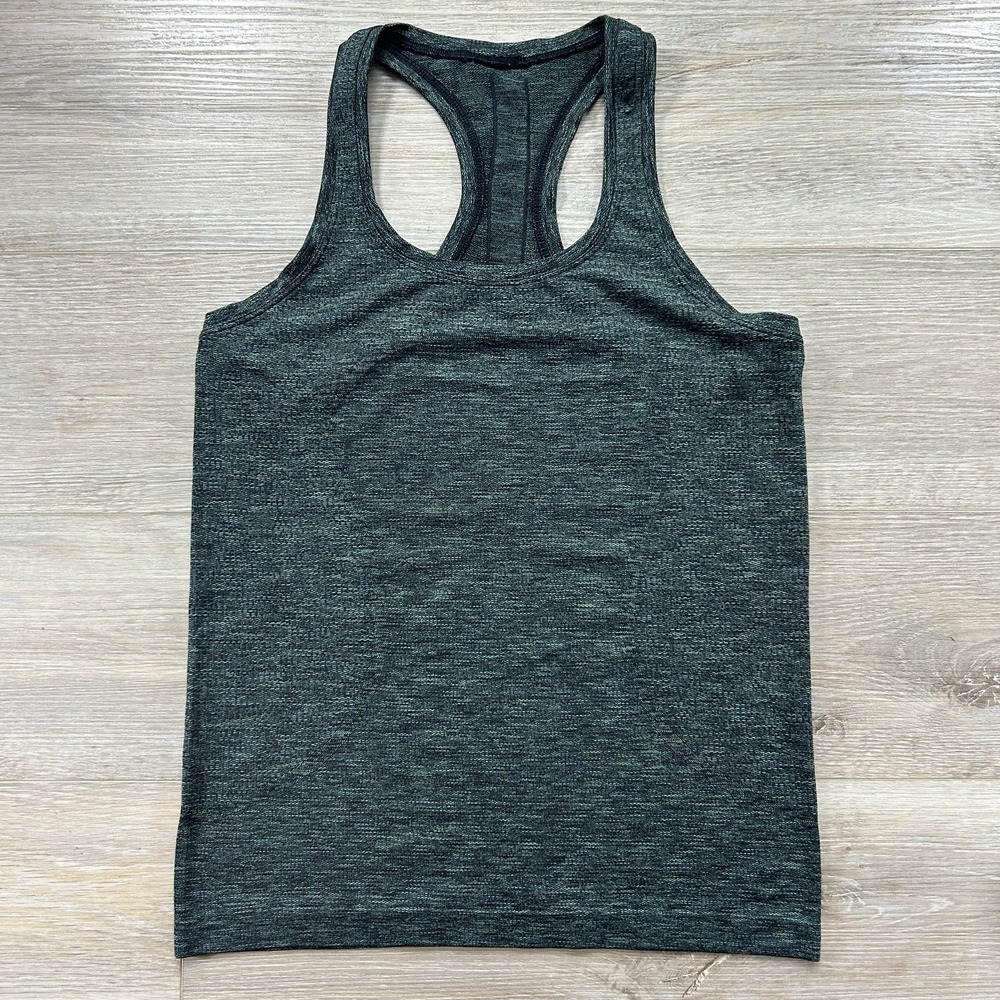 Lululemon Size 8 Swiftly Tech Racerback Dark Green Space Dye Waist Length‎ Tank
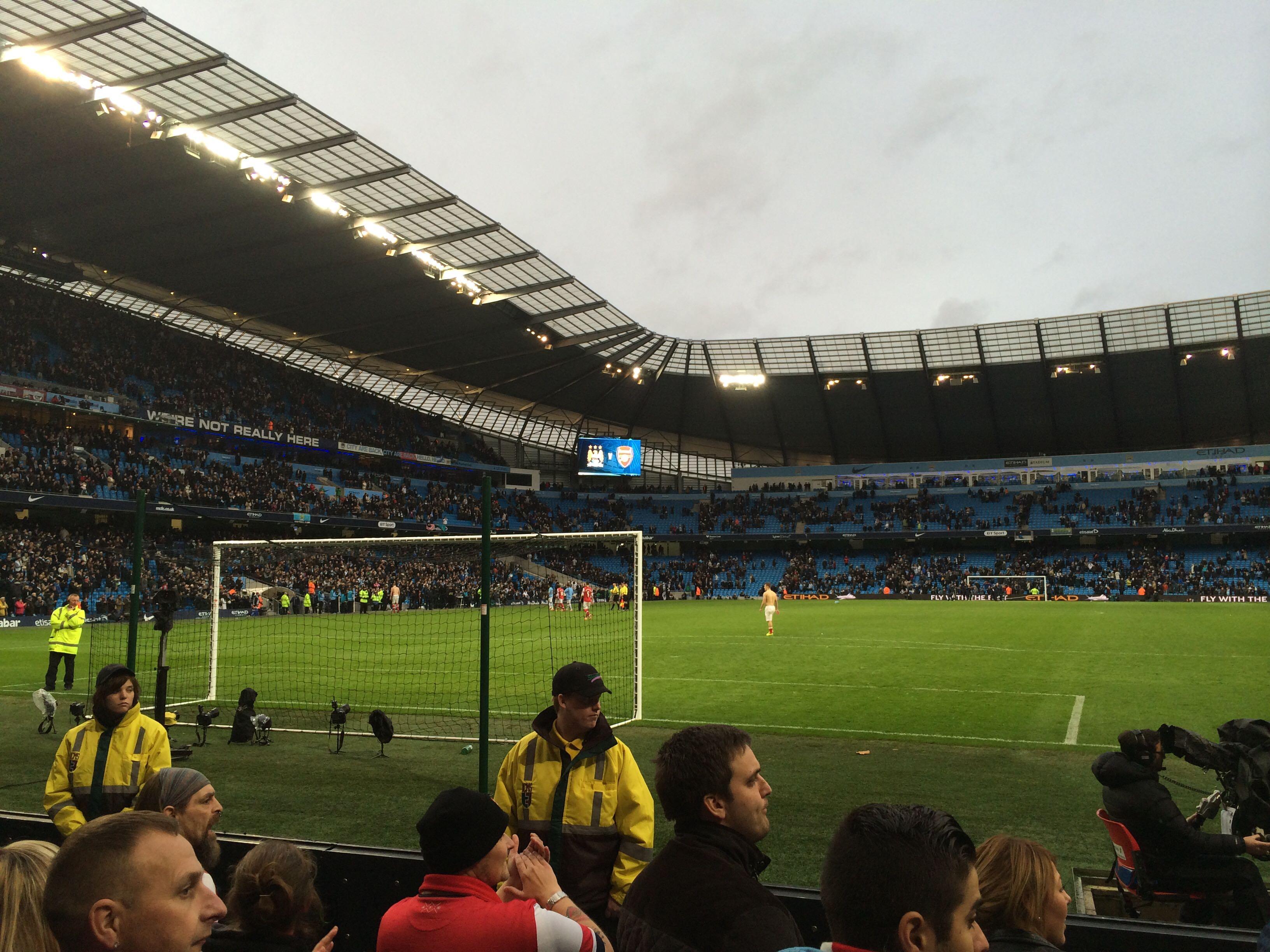 仍然展示了 仍然展示了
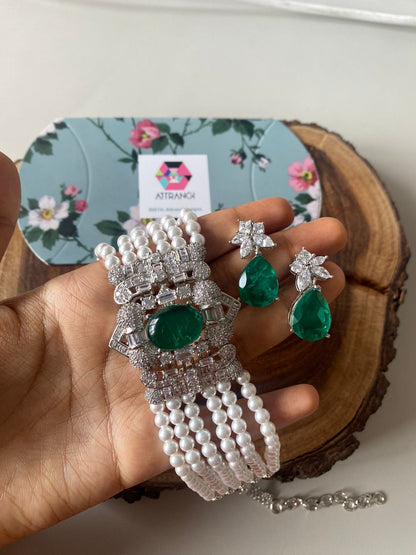 Vienna Pearl emerald Choker Set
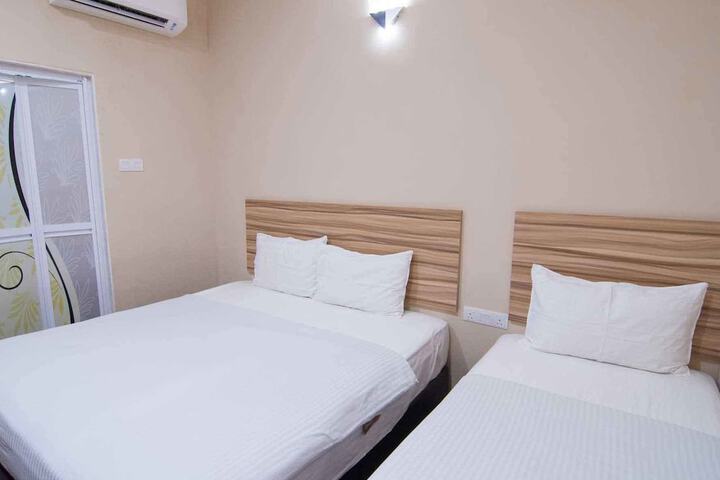 Room 12 of 35
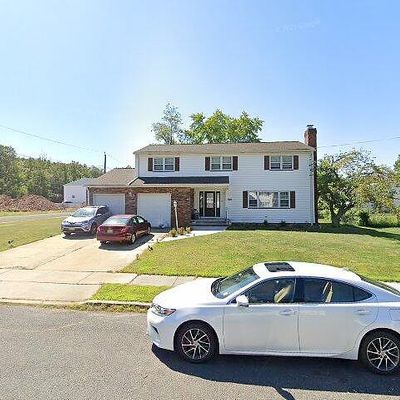 834 Davis Pl, North Brunswick, NJ 08902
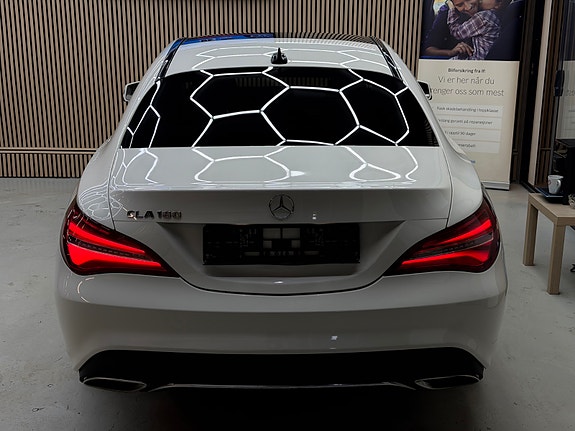 Mercedes-Benz CLA180 18 of 30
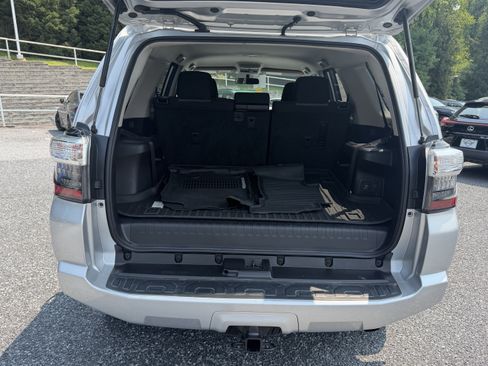 Used 2018 Toyota 4Runner SR5 AWD/4WD image 8
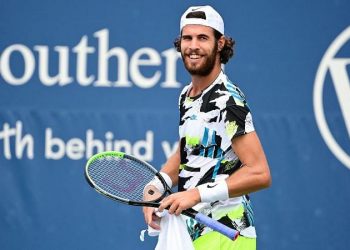 Прогноз Карен Хачанов  – Пабло Карреньо Буста (25 августа 2020), ставки и коэффициенты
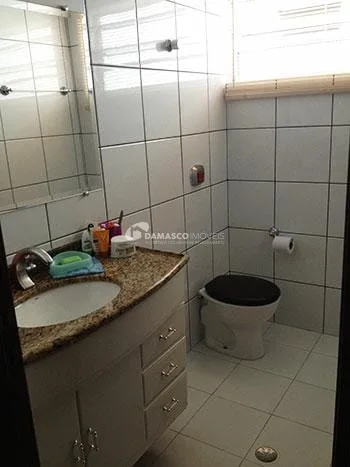 Sobrado à venda 3 Quartos, 1 Suite, 2 Vagas, Santa Terezinha, São Bernardo do Campo - SP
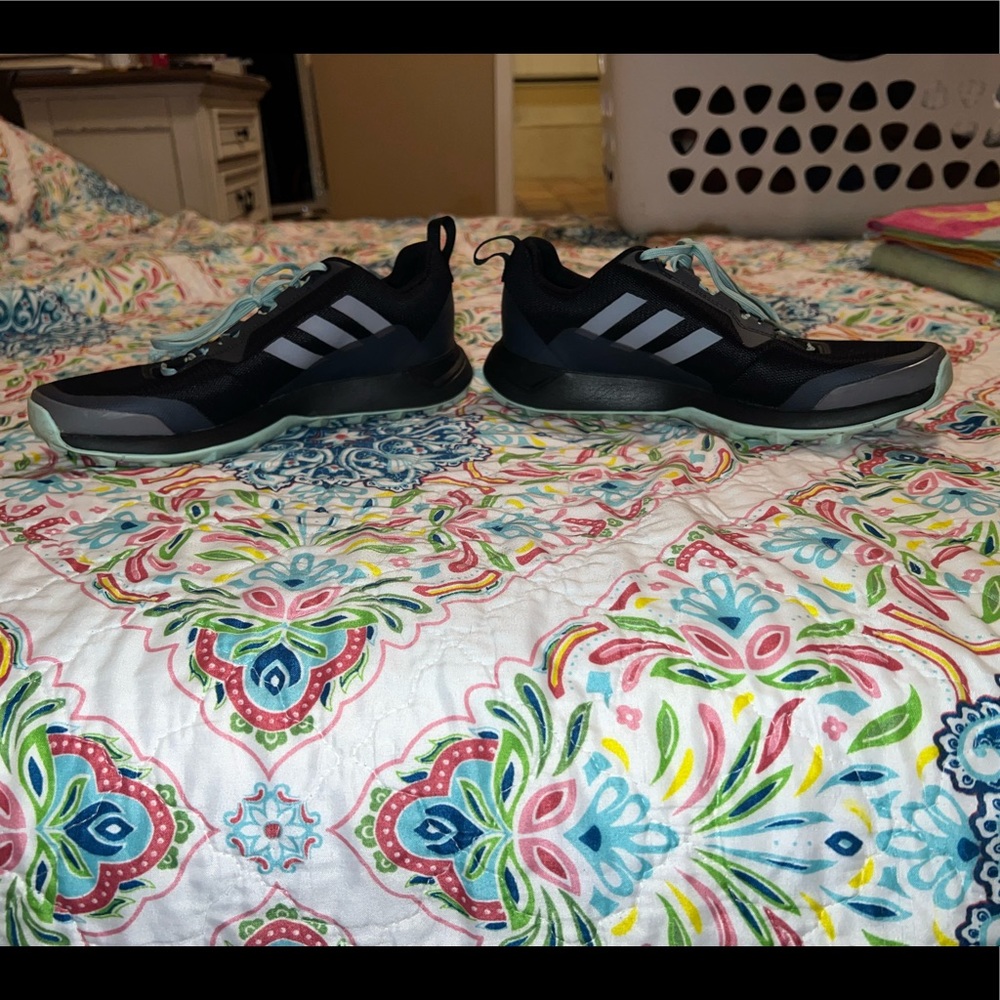 Adidas Women’s Shoes sz 8.5
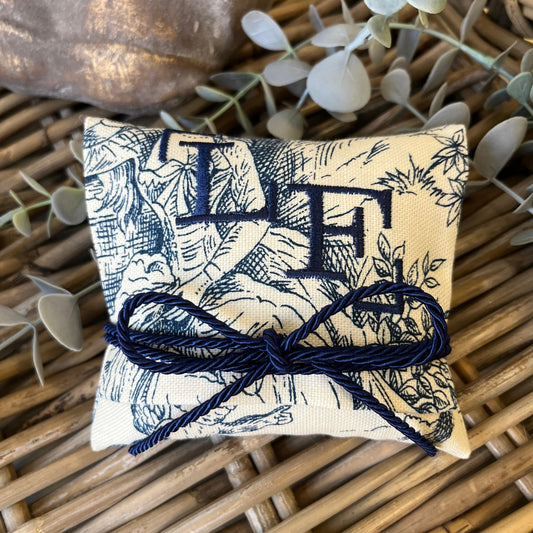 Bustina portaconfetti blu toile de jouy personalizzata mod. midi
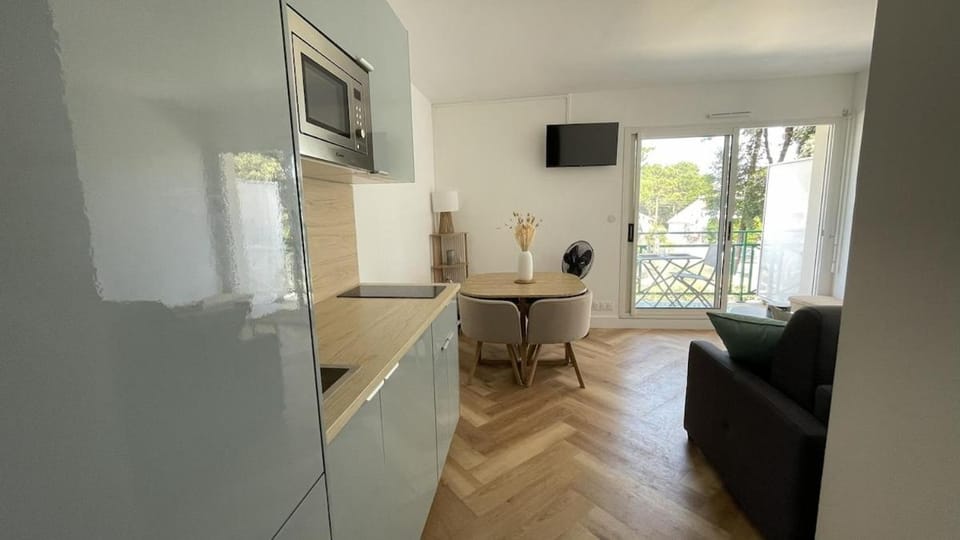 TV and multimedia, kitchen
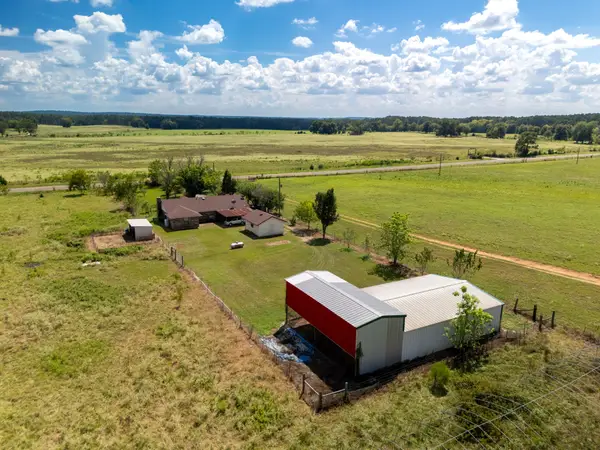 8553 Fm 227, Grapeland, TX 75844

* WHAT YOU ARE ASKED TO DO
Leave the pictures out, then output exactly the lines from the "仍然展示了 仍然展示了" line through the end of the records above, and no others.

* SOLUTION FOR THIS PROBLEM
 仍然展示了 仍然展示了
 Vienna Pearl emerald Choker Set
 Room 12 of 35
 834 Davis Pl, North Brunswick, NJ 08902
 Mercedes-Benz CLA180 18 of 30
 Used 2018 Toyota 4Runner SR5 AWD/4WD image 8
 Прогноз Карен Хачанов  – Пабло Карреньо Буста (25 августа 2020), ставки и коэффициенты
 Sobrado à venda 3 Quartos, 1 Suite, 2 Vagas, Santa Terezinha, São Bernardo do Campo - SP
 Adidas Women’s Shoes sz 8.5
 Bustina portaconfetti blu toile de jouy personalizzata mod. midi
 TV and multimedia, kitchen
 8553 Fm 227, Grapeland, TX 75844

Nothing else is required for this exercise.